On ikinci imamın 260 (874) yılında gizlenmesinin ardından yaklaşık bir asır içinde diğer muhalif fırkalar tedrîcen kaybolurken İmâmiyye Şîası gelişme kaydederek varlığını sürdürmüştür. IV. (X.) yüzyıl sonlarına doğru orijinal İmâmiyye doktrini bünyesinde yapılan değişiklikle imamların sayısının on iki ile sınırlandırılması ve on ikinci imamın önce küçük gaybete, ardından kendisiyle irtibat kurulamayan ve halen devam eden büyük gaybete girdiği düşüncesi hâkim olmuştur. Bunu takiben fırka İsnâaşeriyye (el-İmâmiyyetü’l-İsnâaşeriyye) adıyla anılmaya başlanmıştır (Şerîf el-Murtazâ, II, 111). Böylece eski İmâmiyye doktriniyle İsnâaşeriyye arasında en önemli farkın imamların sayısının sınırlandırılması ve birbirini takip eden iki gaybetin kabulü olduğu ortaya çıkar.

İSNAAŞERİYYE İSMİ

İsnâaşeriyye isminin ne zaman ortaya çıktığı kesin olarak bilinmemekle birlikte bu adın IV. (X.) yüzyıl sonlarına kadar gündeme gelmediği açıktır. Zira İmâmiyye’yi savunan Sa‘d b. Abdullah el-Kummî ve Nevbahtî’nin eserlerinde bu isme rastlanmadığı gibi onlardan yaklaşık çeyrek asır sonra vefat eden Eş‘arî’nin Maḳālât’ında, ayrıca Şîa’ya dair geniş bilgi veren İbnü’n-Nedîm’in el-Fihrist’inde de isim yer almamaktadır. İsnâaşeriyye adının elde mevcut kaynaklara göre ilk zikredildiği eser Abdülkāhir el-Bağdâdî’nin el-Farḳ beyne’l-fıraḳ’ı olmalıdır (s. 53, 64). Daha sonra İsnâaşeriyye ile İmâmiyye eş anlamlı olarak kullanılmış, mezhebin fıkhî yönünü belirtmek için de Ca‘feriyye adı benimsenmiştir.

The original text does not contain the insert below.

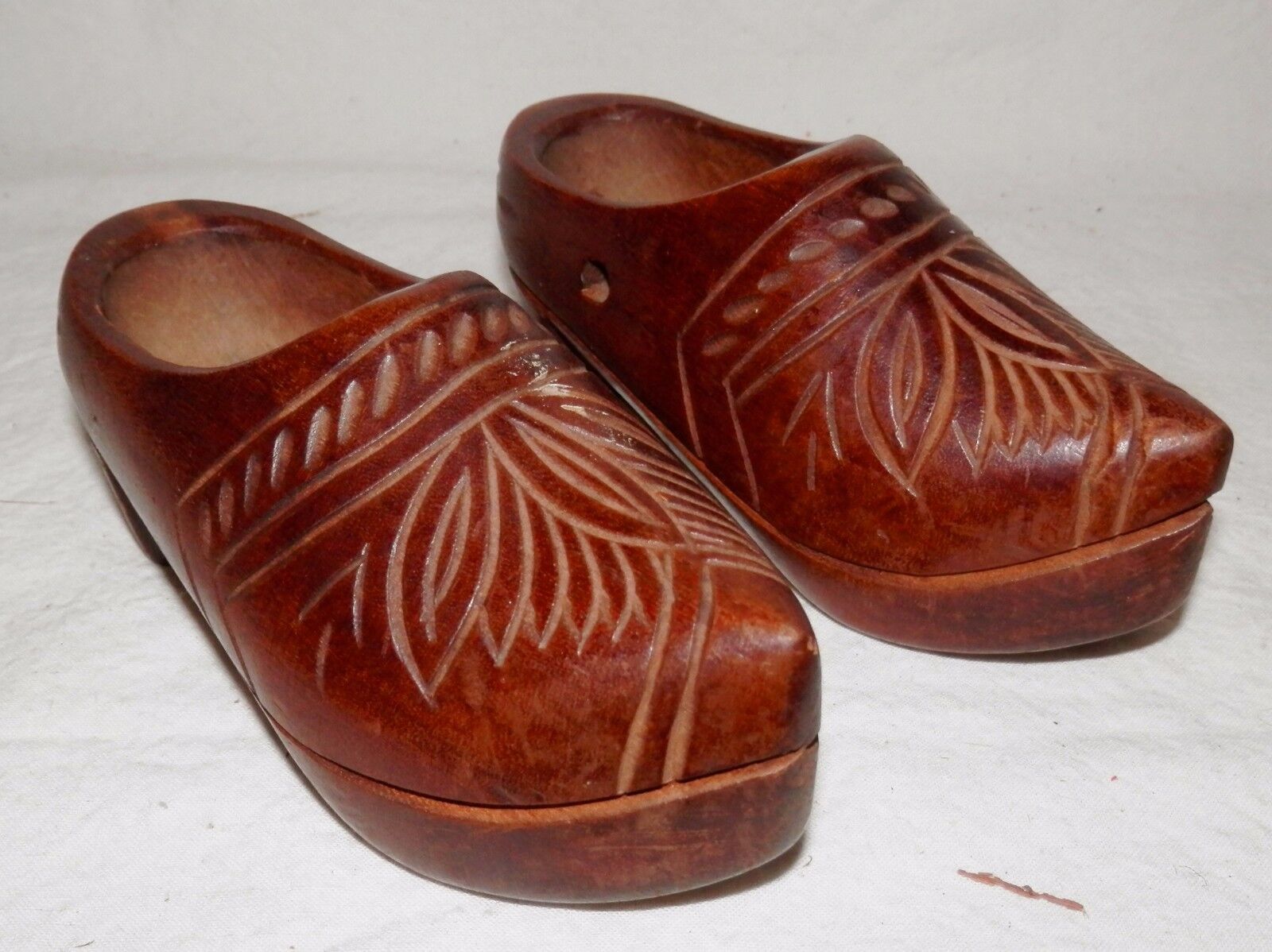 Miniature Wooden Wood Carved Handcrafted Clogs Shoes 5\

İsnâaşeriyye’nin tarihini imamlar ve gaybet dönemleri olmak üzere iki devreye ayırmak mümkündür. İmamlar dönemi ilk imam Ali b. Ebû Tâlib ile başlar ve on ikinci imam Muhammed el-Mehdî’nin 260 (874) yılında küçük gaybete intikaline kadar devam eder.

SIRASIYLA 12 İMAM

Şiîliğin tarihinde imamların sayısına ve isimlerine göre çok değişik fırkalar oluşmuşsa da İsnâaşeriyye’ye göre on iki imam şunlardır:

1. Hz. Ali -kerremallahü veche- (ö. 40/661)

2. Hz. Hasan -radıyallahu anh- (ö. 49/669)

3. Hz. Hüseyin -radıyallahu anh- (ö. 61/680)

4. Ali Zeynelâbidîn Hazretleri (ö. 94/713)

5. Muhammed el-Bâkır Hazretleri (ö. 114/733)

6. Cafer es-Sâdık Hazretleri (ö. 148/765)

7. Mûsâ el-Kâzım (ö. 183/799)

8. Ali er-Rızâ (ö. 203/818)

9. Muhammed et-Takī el-Cevâd (ö. 220/835)

10. Ali en-Nakī el-Hâdî (ö. 254/868)

11. Hasan b. Ali el-Askerî (ö. 260/874)

12. Muhammed el-Mehdî el-Muntazar (el-Kāim, el-Hücce; doğumu, 15 Şâban 255 / 29 Temmuz 869).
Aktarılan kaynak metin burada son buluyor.